Förderjahr 2018 / Stipendien Call #13 / ProjektID: 3793 / Projekt: Data Management Strategies for Near Real-Time Edge Analytics
For novel architectural design of elastic data services, it is fundamental to analyze requirements and dependencies in edge data services together with edge data analytics support.
Edge data services can be considered as strategies, methods, mechanisms and operations for handling and storing constantly generated data at the edge of the network. In this context, three aspects are considered, namely, (1) data/system characterization (e.g., metrics and key properties); (2) application-dependent contexts (e.g., data processing utilities); (3) edge system operations (e.g., elasticity and data importance).
Having complete end-to-end metrics from data sources to data analytics represents the main building block of elastic storage systems
Storage nodes must be aware of edge data workload characteristics. Table 1 summarizes key characteristics. Incoming data might have quality issues due to the presence of missing values or outliers making collected data incomplete. It is important for storage services to decide how to deal with particular incoming data, with the help of metrics such as data quality, data volume and frequency. These metrics can include different statistic techniques for important insights such as anomaly detection. Current status of available capacities from storage nodes must always be up-to-date for efficient management of idle capacities. Hence, the storage service should rely on system characterization metrics. Combination of different metrics from system and data collection processes represents composite metrics and it can uncover useful failure information of underlying infrastructure, leading to proactive decisions on how to collect and store data.

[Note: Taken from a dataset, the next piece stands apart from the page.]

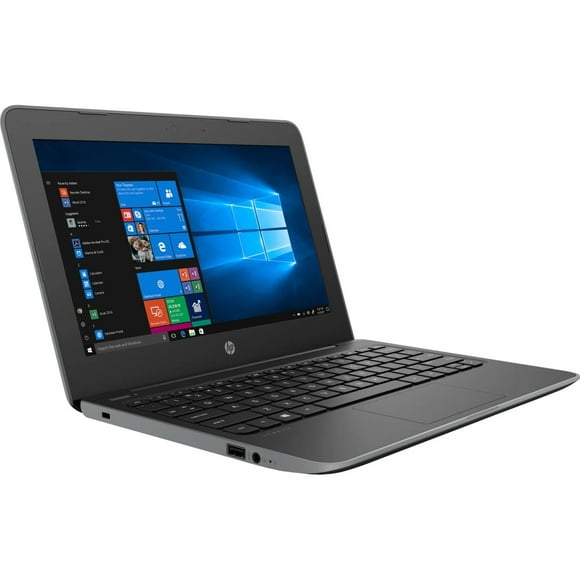 HP Stream 11 Pro G5 11.6" Laptop, Intel Celeron N4000, 4GB RAM, 64GB SSD, Windows 10 Pro (Refurbished)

Domain-specific application information can represent direct relation to the storage system
From application-specific context, there are various aspects, such as application information, processing utilities and security, related to edge analytics. Different types of application contexts have strong influence on architectural designs, as shown in Table 2. Based on internal configuration, storage systems map certain data types to sensors. It is important, from the storage standpoint, to know which data types belongs to certain application and what is the nature of IoT data collection, that is, batch or stream data characteristics. Another challenge for edge storage is how to adapt to unpredictable sensor workloads in cases when data collection is related to physical events or periods.
Support from data processing utilities
Novel edge storage service should be supported by different possibilities of data processing utilities that are nowadays overlooked in the storage management research. Possibilities can include data cleaning techniques, anomaly detection, data normalization and different data recovering techniques for missing values and outliers that often appear in distributed IoT systems. Further, predictive maintenance represents another perspective. Performing estimations on future generated data volumes and availability of storage capacities some proactive actions can be taken to improve storage service at the edge such as (1) decide when historical data should be discarded or moved to cloud repository; (2) redirect/move sensor data to another storage node with idle resources.
Security vulnerabilities of sensitive data are overlooked in today's IoT data exchange and storage
Incoming sensor data at the edge often contain sensitive information about the monitored system, raising importance to address data reliability within storage services. Another important aspect is to audit flows of data into the storage and related analytics. Thus, future storage service architectures must consider building verifiable and secure storage of large-scale IoT sensor data such as blockchain technology. However, due to increased data generation, the integration between blockchain and storage must be done in the view that blockchain is only used for selective types of data for verification and auditing purposes.
The data importance nowadays can be changed at runtime asking for adaptation of edging system and service operations
In order to provide reliable edge data storage, elastic storage service should have predefined operations including change in sampling frequency, data filtering operation, functions for efficient data integration from multiple sensors, data sharding operations and data rerouting to interconnected edge storage nodes to avoid storage overhead or network bottlenecks.
IoT systems specify different levels of importance for different types of monitored sensors. Increasing awareness of all previous aspects leads to definition of engineering principles and improving overall designs and implementations for future edge storage strategies and data management.